Centrafrique : "Boda la belle" dévastée par des affrontements meurtriers

Sur le pignon de sa villa de fonction, une pancarte lui promettait "Boda la belle". Vendredi, la sous-préfète de cette ville du nord-ouest centrafricain a découvert des ruines et des cendres, résultat d'affrontements qui ont fait une centaine de morts.

"Vraiment, tout a brûlé, vraiment!": transportée à Boda dans un hélicoptère français, la sous-préfète Mélanie Wakoro découvre sa nouvelle affectation en camion militaire. Quartier musulman, quartier chrétien, maisons et boutiques défilent, la plupart calcinés.

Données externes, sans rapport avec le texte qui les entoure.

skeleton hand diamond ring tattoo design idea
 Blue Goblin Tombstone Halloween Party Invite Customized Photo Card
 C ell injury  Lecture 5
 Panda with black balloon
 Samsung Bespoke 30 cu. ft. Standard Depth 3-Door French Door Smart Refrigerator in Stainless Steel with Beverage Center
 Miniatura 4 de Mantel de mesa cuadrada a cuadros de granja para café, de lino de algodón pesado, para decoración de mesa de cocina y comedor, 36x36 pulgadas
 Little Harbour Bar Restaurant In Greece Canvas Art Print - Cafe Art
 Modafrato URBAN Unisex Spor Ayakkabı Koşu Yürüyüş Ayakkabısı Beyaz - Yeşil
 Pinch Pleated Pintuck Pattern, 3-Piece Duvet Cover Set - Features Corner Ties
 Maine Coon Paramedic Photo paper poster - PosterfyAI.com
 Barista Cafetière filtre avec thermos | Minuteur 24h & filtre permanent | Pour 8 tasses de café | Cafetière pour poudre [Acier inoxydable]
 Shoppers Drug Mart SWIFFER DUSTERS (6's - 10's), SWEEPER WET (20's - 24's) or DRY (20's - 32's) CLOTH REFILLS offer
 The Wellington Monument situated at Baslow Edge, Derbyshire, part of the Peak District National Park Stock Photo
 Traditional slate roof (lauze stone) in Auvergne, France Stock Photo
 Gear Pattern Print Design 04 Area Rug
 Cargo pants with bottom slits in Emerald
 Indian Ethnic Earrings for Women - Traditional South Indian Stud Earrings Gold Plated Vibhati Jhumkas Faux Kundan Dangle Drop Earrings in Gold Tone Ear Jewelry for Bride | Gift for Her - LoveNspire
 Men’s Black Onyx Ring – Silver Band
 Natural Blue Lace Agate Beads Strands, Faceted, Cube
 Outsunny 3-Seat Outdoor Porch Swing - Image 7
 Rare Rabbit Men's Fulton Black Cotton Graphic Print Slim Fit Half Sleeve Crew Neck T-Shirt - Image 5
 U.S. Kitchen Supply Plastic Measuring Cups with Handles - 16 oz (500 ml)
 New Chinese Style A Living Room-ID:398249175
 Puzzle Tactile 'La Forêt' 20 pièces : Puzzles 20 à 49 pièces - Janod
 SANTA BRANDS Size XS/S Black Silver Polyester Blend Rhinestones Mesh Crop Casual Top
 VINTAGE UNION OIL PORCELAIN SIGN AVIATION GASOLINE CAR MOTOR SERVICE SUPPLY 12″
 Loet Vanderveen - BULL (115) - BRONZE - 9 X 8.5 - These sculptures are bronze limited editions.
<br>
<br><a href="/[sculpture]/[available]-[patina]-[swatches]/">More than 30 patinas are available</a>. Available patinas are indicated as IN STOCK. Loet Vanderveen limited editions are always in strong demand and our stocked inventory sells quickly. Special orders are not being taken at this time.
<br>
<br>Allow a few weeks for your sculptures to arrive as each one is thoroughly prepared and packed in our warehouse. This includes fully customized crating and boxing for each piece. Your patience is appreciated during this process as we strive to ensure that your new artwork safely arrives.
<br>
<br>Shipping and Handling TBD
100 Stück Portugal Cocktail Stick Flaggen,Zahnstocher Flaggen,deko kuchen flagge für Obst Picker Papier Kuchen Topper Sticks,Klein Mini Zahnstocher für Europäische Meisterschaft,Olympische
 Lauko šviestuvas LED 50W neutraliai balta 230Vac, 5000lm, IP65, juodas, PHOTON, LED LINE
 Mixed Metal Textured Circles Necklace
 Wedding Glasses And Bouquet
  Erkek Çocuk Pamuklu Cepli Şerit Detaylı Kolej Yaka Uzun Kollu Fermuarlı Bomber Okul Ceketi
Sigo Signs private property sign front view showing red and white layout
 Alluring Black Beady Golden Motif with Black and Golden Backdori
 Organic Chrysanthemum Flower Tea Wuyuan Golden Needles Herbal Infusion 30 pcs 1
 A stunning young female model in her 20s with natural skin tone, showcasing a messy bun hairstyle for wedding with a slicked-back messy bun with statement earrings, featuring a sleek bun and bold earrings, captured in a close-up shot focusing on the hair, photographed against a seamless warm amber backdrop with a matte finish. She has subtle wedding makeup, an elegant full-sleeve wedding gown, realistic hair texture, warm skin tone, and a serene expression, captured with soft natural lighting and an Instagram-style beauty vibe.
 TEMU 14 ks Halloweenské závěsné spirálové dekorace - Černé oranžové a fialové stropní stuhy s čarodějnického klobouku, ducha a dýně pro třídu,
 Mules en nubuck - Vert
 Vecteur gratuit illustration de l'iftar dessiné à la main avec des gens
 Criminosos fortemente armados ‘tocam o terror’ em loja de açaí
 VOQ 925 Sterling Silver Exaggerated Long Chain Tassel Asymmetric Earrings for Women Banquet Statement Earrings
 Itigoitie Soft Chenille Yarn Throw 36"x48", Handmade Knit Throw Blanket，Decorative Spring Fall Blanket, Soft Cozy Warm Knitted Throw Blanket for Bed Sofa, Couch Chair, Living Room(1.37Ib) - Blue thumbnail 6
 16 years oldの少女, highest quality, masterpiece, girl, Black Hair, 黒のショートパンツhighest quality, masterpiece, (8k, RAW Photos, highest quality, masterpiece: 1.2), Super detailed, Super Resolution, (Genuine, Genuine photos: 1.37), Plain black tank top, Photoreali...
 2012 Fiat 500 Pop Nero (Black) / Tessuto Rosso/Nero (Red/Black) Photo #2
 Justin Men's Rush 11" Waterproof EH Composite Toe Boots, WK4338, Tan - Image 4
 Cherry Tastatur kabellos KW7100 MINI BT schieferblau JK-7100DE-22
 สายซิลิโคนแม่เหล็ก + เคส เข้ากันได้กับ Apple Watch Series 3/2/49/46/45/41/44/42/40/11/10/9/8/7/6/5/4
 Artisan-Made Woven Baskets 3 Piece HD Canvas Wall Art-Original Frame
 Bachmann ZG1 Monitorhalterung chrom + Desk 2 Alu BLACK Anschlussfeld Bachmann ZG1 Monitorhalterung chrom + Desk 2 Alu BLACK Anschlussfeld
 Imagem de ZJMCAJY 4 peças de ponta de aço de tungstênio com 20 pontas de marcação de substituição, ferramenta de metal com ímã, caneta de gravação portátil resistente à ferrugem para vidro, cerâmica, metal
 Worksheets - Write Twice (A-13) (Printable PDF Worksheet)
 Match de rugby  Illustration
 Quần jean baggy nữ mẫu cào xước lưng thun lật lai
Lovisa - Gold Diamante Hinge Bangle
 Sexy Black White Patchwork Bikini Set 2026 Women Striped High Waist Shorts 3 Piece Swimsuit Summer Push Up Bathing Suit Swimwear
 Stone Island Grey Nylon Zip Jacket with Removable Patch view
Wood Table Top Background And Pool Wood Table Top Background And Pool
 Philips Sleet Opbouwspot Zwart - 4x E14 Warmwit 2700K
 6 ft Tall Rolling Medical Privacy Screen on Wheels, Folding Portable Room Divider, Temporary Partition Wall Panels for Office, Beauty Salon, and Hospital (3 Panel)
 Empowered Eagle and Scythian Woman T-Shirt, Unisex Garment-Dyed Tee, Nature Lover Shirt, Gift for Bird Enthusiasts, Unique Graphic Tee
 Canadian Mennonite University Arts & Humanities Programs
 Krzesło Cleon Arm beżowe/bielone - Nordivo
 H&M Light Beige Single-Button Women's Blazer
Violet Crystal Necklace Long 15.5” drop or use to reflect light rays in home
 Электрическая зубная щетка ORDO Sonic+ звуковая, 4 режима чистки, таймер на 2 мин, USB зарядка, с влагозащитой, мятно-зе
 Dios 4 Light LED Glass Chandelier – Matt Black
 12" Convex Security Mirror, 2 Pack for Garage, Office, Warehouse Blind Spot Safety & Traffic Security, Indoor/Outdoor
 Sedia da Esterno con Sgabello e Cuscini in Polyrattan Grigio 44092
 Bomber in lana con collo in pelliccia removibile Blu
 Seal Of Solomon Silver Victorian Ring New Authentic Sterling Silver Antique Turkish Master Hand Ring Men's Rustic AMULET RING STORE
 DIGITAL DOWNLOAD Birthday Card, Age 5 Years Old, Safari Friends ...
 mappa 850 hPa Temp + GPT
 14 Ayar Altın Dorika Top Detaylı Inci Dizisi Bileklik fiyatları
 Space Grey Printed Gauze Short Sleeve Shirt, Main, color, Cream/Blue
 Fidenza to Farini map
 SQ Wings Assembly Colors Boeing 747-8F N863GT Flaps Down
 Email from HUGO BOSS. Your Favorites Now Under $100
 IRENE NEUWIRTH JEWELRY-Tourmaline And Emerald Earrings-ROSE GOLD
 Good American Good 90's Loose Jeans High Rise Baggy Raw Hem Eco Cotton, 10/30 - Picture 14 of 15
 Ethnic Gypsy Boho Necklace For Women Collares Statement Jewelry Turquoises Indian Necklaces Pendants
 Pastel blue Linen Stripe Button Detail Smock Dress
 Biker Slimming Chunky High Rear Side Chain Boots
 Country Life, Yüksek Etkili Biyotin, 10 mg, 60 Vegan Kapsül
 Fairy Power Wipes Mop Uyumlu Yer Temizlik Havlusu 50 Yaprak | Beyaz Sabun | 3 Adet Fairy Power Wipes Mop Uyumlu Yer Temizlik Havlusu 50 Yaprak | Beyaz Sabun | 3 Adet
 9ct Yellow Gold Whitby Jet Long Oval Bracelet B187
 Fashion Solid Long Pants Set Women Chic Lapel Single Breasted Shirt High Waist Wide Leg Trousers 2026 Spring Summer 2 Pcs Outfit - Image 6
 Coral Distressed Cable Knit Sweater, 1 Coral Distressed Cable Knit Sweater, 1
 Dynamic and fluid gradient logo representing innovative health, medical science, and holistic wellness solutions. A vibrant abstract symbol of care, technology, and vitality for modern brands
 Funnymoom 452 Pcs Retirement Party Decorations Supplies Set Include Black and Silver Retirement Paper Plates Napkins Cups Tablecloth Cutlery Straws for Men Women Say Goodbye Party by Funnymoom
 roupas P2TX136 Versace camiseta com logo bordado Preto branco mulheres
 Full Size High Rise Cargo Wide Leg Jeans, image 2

Du grand marché, envahi par les gravats et les cendres, ne subsistent que quelques poteaux de bois carbonisés.

"Dieu est grand", lit-on sur le mur d'une maison détruite côté musulman, "God is good", proclame l'enseigne d'un magasin pillé côté chrétien.

La plupart des bâtiments publics ont été épargnés mais tous sont fermés.

Devant le commissariat, Mme Wakoro, accompagnée du général Francisco Soriano, le commandant des forces françaises en Centrafrique, est accueillie par les dignitaires de la ville: les chrétiens sont assis à gauche, les musulmans à droite.

Depuis mercredi, une unité de 80 soldats français est déployée dans la ville qui a retrouvé un calme précaire. "Quand nous sommes arrivés, il y avait des hommes en armes sur tous les axes, des armes derrière chaque maison", témoigne le capitaine français Olivier (l'armée française demande que les noms des soldats en opération ne soient pas cités).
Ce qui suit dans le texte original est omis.